Agenda for the Meeting
11:45: Framing the Issue: History; Expectations circa 2003; Expectations 2012; Differences and Consequences to GNSS, including Galileo, Compass and Glonass.
12:05: Equities: pro UK MOD; anti UK MOD (e.g.: what did other system providers contribute without compensation expectation and how clean are the claims by Pratt and Owen?)
12:20: Technical Options: (can we contain the effects with feasible changes in the system?)
12:40: Political Options: (do we have leverage in uncommitted arrangements (quid pro quo))? Where are our DOD and DOS masters on the subject?
12:50: Action Items and Next Steps; Industry and USG Resources: ION or RION? Follow-up meetings and outreach to today’s absentees.

Speakers:

Thomas A. Stansell (Presentation Slides) is well known to all, a Kepler Award Laureate, Fellow of the ION, etc., has been very active in dealing with this subject as a public citizen and as a consultant to various USG entities, including those directly involved in this matter. He will lead the discussion.
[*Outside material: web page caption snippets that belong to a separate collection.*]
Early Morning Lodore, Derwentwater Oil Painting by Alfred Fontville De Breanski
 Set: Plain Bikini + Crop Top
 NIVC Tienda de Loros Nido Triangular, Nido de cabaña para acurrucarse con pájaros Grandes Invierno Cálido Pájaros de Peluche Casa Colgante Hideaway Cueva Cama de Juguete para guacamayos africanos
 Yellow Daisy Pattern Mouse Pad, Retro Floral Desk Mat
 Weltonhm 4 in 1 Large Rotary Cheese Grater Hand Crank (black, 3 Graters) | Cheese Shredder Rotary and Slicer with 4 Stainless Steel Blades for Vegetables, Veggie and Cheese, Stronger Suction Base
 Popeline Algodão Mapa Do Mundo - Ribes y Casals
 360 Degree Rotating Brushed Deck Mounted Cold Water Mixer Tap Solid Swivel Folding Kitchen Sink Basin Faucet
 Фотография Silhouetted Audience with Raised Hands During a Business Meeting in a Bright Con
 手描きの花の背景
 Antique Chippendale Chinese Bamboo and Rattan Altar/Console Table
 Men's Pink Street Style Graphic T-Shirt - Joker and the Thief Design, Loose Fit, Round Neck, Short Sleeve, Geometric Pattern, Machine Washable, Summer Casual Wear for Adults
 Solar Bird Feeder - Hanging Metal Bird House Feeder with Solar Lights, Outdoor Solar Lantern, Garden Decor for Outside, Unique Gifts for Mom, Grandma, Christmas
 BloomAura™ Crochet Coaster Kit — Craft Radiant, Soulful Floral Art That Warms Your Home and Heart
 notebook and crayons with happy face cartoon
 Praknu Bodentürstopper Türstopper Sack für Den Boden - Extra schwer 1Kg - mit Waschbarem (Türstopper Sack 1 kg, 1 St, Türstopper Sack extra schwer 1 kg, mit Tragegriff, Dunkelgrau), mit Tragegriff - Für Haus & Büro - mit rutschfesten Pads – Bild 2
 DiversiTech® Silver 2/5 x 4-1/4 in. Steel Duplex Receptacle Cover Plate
Richard G. Keegan, GPS system design pioneer with multiple GNSS and Communications Systems patent awards has participated in the various committees and in technical support to the decision makers on this subject and has a detailed understanding of the history and technical factors in the controversy.

Jerry E. Knight has been deeply involved in patent litigation, GNSS system design, pioneering many innovations in system architecture and signal processing software. He is an alumnus of Magnavox, Leica, SiRF ( where he was Chief Engineer and where he led the patent litigation and more recently of NavCom Technology ( John Deere). He is an independent consultant.

February 2012 Meeting Summary

Andrei Shkel spoke to the Southern California Section on Monday, February 27, 2012 at John Deere. Dr Shkel’s talk is Precision Navigation and Timing Enabled by Microtechnology: Are We There Yet? There were 20 in attendance. A brief bio and abstract of the talk follows. His presentation is attached.

Abstract of Dr. Shkel’s talk: (Presentation Slides)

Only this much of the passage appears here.